> **To do**
Retype only the lines below from the one with "Seashell mit einem" to the one with "Vintage Moroccan wool", inclusive, skipping every image.

> **Provided data**
* * *

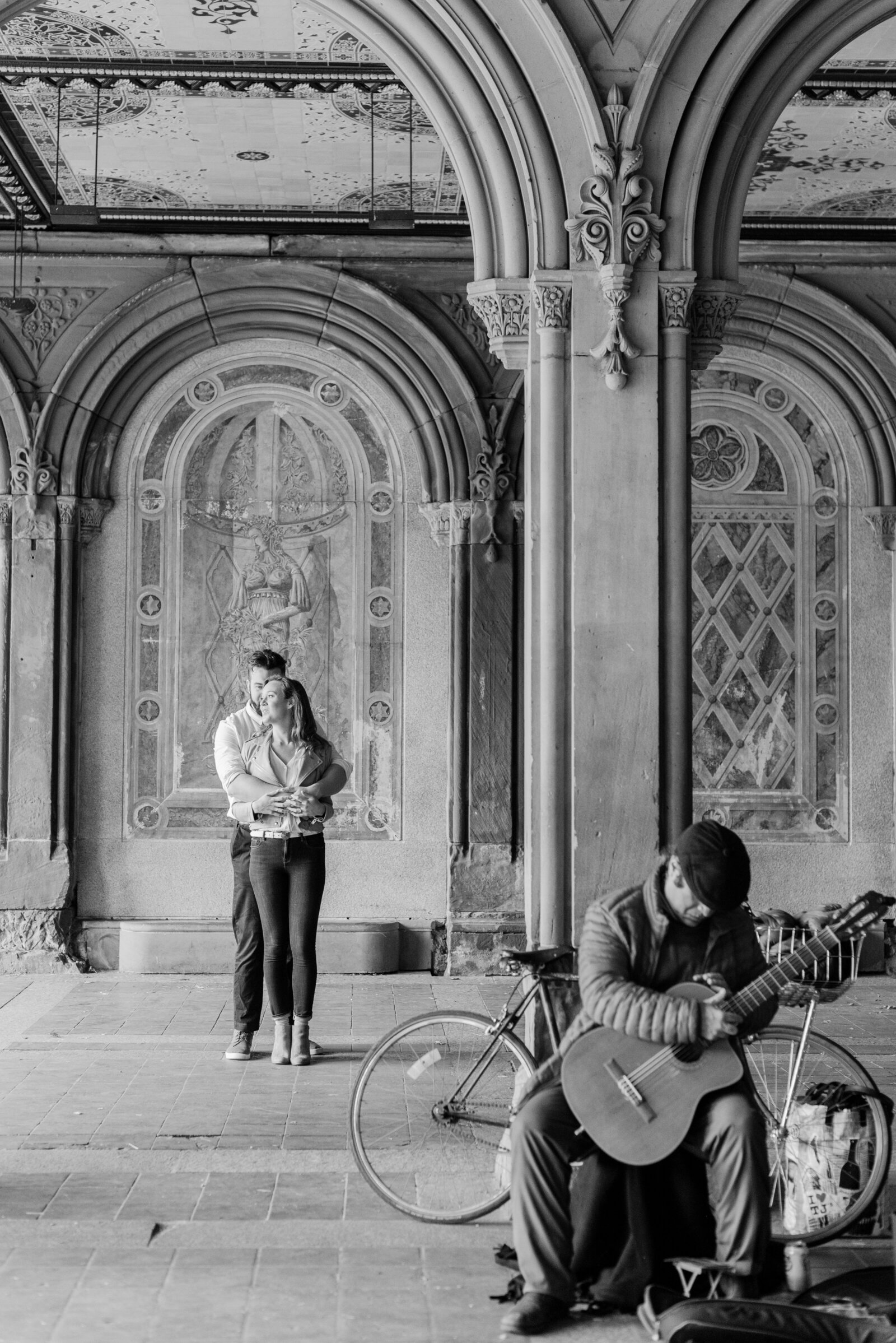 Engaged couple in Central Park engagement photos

* * *

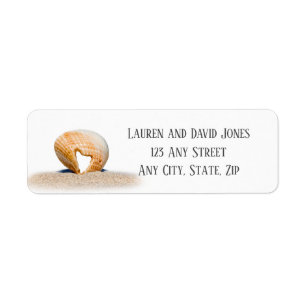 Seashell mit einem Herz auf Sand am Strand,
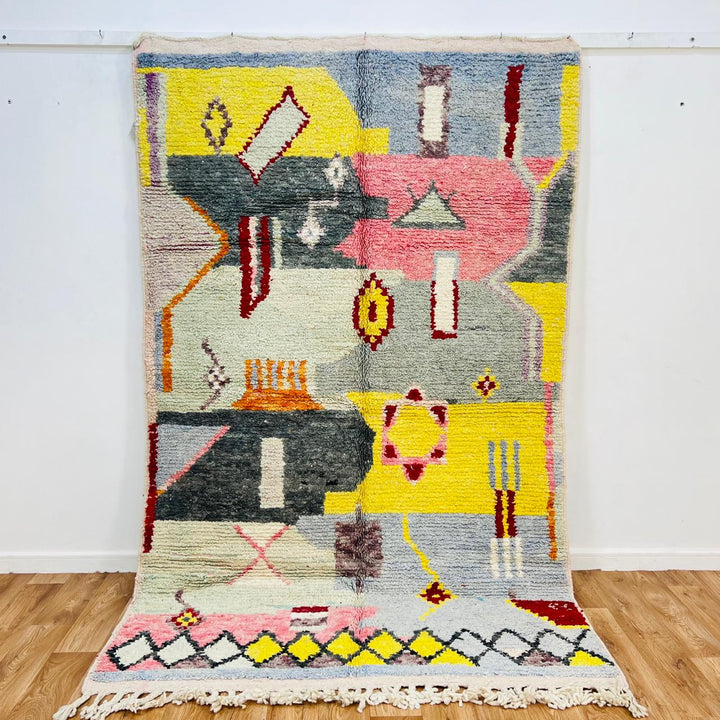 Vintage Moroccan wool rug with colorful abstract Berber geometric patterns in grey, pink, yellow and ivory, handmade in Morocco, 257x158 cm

* * *

> **Answer to this problem**
 Seashell mit einem Herz auf Sand am Strand,
 Vintage Moroccan wool rug with colorful abstract Berber geometric patterns in grey, pink, yellow and ivory, handmade in Morocco, 257x158 cm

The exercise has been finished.